FILED UNDER
Arbitration
TAGS
BITs, ICSID, International Arbitration, investment law
I read Avidan Kent’s post, and the commentary that followed, on this blog describing his view of the true nature of BITs with great interest. I wanted to continue the discussion of the place of public interest in BITs and to the extent that they are considered. I am in agreement with Kent’s assessment. I offer here at least a narrow area in international investment law where arbitral tribunals have managed to read in public interest into BITs. In considering whether an investor’s legitimate expectation should be protected under the commonplace fair and equitable treatment clauses, there is some room for maneuverability and consideration of “public interests” in determining when the investor’s expectations are in fact “legitimate”.
I draw the readers’ attention to the 2007 ICSID award in Parkerings v. Lithuainia. Had the BIT contained a stabilization clause to the effect that the host State had assured and represented that the legal and regulatory conditions under which the agreement was entered into was to remain the same, then the outcome of the tribunal’s analysis would have been different.

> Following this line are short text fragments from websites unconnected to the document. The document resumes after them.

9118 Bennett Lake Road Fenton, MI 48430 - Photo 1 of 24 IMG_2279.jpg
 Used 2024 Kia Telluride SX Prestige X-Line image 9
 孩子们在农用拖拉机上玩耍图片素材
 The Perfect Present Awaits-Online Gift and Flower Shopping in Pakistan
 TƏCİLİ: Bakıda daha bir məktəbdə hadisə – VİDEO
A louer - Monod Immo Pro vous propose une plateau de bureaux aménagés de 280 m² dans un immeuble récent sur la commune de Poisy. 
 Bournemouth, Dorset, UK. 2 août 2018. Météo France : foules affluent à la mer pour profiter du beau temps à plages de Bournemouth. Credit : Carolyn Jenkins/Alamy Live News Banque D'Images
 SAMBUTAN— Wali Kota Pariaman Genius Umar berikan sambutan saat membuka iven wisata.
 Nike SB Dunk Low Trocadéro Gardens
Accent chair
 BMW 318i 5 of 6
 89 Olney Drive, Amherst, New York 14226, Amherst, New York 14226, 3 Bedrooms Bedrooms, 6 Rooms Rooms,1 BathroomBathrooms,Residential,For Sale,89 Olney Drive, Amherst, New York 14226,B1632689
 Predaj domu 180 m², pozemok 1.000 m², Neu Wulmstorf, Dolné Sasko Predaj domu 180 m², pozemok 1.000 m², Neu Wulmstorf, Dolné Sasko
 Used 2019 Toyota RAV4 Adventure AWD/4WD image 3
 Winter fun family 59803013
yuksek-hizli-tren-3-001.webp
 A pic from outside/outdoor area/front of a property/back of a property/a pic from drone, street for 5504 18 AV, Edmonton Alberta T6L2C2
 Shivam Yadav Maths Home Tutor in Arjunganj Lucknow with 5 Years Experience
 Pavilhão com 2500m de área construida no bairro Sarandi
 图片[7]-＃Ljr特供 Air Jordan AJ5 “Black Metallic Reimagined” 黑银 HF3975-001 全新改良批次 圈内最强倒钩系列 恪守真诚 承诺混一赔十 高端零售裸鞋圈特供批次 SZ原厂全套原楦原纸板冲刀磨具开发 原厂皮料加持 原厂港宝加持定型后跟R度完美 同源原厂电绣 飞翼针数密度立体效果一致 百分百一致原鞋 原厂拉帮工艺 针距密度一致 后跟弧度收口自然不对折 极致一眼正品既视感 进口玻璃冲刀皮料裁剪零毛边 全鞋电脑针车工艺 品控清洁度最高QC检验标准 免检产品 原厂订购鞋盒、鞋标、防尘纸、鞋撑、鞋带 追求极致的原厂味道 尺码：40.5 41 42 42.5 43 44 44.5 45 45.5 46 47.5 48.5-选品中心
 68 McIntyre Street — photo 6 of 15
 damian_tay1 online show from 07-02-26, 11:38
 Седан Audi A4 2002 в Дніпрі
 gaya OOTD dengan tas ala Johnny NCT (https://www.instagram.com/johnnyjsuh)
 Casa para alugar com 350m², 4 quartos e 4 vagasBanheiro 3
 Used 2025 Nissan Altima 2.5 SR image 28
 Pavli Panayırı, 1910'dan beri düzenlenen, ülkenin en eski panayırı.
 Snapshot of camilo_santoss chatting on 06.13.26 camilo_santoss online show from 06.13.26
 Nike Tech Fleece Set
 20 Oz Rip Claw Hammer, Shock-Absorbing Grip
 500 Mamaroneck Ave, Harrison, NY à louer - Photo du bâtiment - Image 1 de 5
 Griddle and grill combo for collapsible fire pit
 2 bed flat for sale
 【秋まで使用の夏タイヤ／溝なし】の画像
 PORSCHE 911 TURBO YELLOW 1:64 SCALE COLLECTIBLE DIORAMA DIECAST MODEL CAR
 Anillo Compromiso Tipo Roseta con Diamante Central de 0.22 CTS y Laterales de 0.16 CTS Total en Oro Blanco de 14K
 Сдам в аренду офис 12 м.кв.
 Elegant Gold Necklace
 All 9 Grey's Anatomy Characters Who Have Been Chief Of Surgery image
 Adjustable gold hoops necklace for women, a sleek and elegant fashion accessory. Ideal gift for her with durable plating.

In the absence of such assurances, the tribunal extended its analysis beyond the mere wording of the BIT to the social and political framework of Lithuania at the time that it was entered into. The arbitrators found that 1998 Lithuania was in a transition from being a part of the Soviet Union to being a candidate for EU membership. The “public interests” involved in Lithuania becoming an EU member is unquestionable. Generally speaking, EU countries hold public interests such as the environment, human rights and labour standards to a very high standard. By not questioning the Lithuanian policy of positioning itself for EU membership, the tribunal implicitly accepted the social benefits that would come with such a change. Rather than focusing on merely protecting the investor and the investment, the tribunal managed to balance what could legitimately be expected in such circumstance.
Apologies – I wish to correct myself. While there was a BIT between Norway and Lithuainia in this case, I meant to write that the agreement, rather than the BIT, did not contain a stabilization clause. The point I was trying to make is that arbitrators are able to read public interest into the investment framework, not necessarily into the BIT.